[Bug]: Ivf index benchmark QPS performance more than double the decrease
Is there an existing issue for the same bug?
- [x] I have checked the existing issues.
Branch Name
main
Commit ID
7dd7f9a3
Other Environment Information
- Hardware parameters:
- OS type:
- Others:
Actual Behavior
最新的main测试ivf sift128 benchmark QPS相比2023年9月测试结果性能降低了一倍多,recall基本相同
https://doc.weixin.qq.com/sheet/e3_AYYAgwazACsB4L72hnoQ1eAEU31N6?scode=AJsA6gc3AA8QPAY9JuAYYAgwazACs&tab=o01hkj
Ivf优化前pr(commit:3bc8106c3)测试发现QPS已经相比之前降低了一倍多
profile待补充
Expected Behavior
No response
Steps to Reproduce
ann-benchmark sift128 test
Additional information
No response
what is the probe limit? the old code default probe limit is 1 and new code probe limit is 5.
Here is the result from my computer, search time is faster than before.

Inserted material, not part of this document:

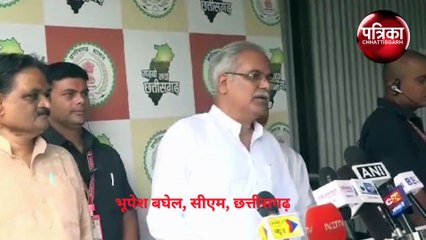 छत्तीसगढ़ के सीएम ने बोला हमला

For 500 lists, commit | build time | QPS 9bf1f1890 | 32.09 sec | 36.62 b56e311 | 30.32 sec | 25.0874 current | 16.32 sec | 43.89
For 2000 lists, commit | build time | QPS 9bf1f1890 | | b56e311 | 1 min 43.13 sec | 29.6222 current | 2 min 7.72 sec | 76.16
For 4000 lists, commit | build time | QPS 9bf1f1890 | | b56e311 | 3 min 23 sec | 26.6735 current | 7 min 33sec | 87.7254
details log:
old code (9bf1f1890)
build time,
mysql> create index idx3 using ivfflat on t3(b) lists=500 op_type "vector_l2_ops";
Query OK, 0 rows affected (32.09 sec)
Search time,
% python3 query_mo_pg.py
Query 501 completed in 0.0440s with recall: 0.9900 Recall: 0.9635, Total Duration: 15.4958s, Avg Latency: 0.0309, QPS: 36.6268
commit b56e311
build time, mysql> create index idx3 using ivfflat on t3(b) lists=500 op_type "vector_l2_ops";
Query OK, 0 rows affected (30.32 sec)
% python3 query_mo_pg.py
Query 501 completed in 0.0397s with recall: 0.9900 Recall: 0.9655, Total Duration: 19.9702s, Avg Latency: 0.0399, QPS: 25.0874
For 2000 lists,
mysql> create index idx3 using ivfflat on t3(b) lists=2000 op_type "vector_l2_ops"; Query OK, 0 rows affected (1 min 43.13 sec)
% python3 query_mo_pg.py
Query 501 completed in 0.0309s with recall: 0.9300 Recall: 0.8863, Total Duration: 16.9130s, Avg Latency: 0.0338, QPS: 29.6222
For 4000 lists,
mysql> create index idx3 using ivfflat on t3(b) lists=4000 op_type "vector_l2_ops"; Query OK, 0 rows affected (3 min 33.26 sec)
% python3 query_mo_pg.py
Query 501 completed in 0.0295s with recall: 0.7900 Recall: 0.8312, Total Duration: 18.7827s, Avg Latency: 0.0375, QPS: 26.6735
new code
mysql> create index idx3 using ivfflat on t3(b) lists=500 op_type "vector_l2_ops";
Query OK, 0 rows affected (16.32 sec)
% python3 query_mo_pg.py
Recall: 0.9616, Total Duration: 11.4130s, Avg Latency: 0.0228, QPS: 43.8973
2000 lists,
mysql> create index idx3 using ivfflat on t3(b) lists=2000 op_type "vector_l2_ops"; Query OK, 0 rows affected (2 min 7.72 sec)
% python3 query_mo_pg.py
Recall: 0.8598, Total Duration: 6.5781s, Avg Latency: 0.0131, QPS: 76.1618
4000 lists,
mysql> create index idx3 using ivfflat on t3(b) lists=4000 op_type "vector_l2_ops"; Query OK, 0 rows affected (7 min 33.65 sec)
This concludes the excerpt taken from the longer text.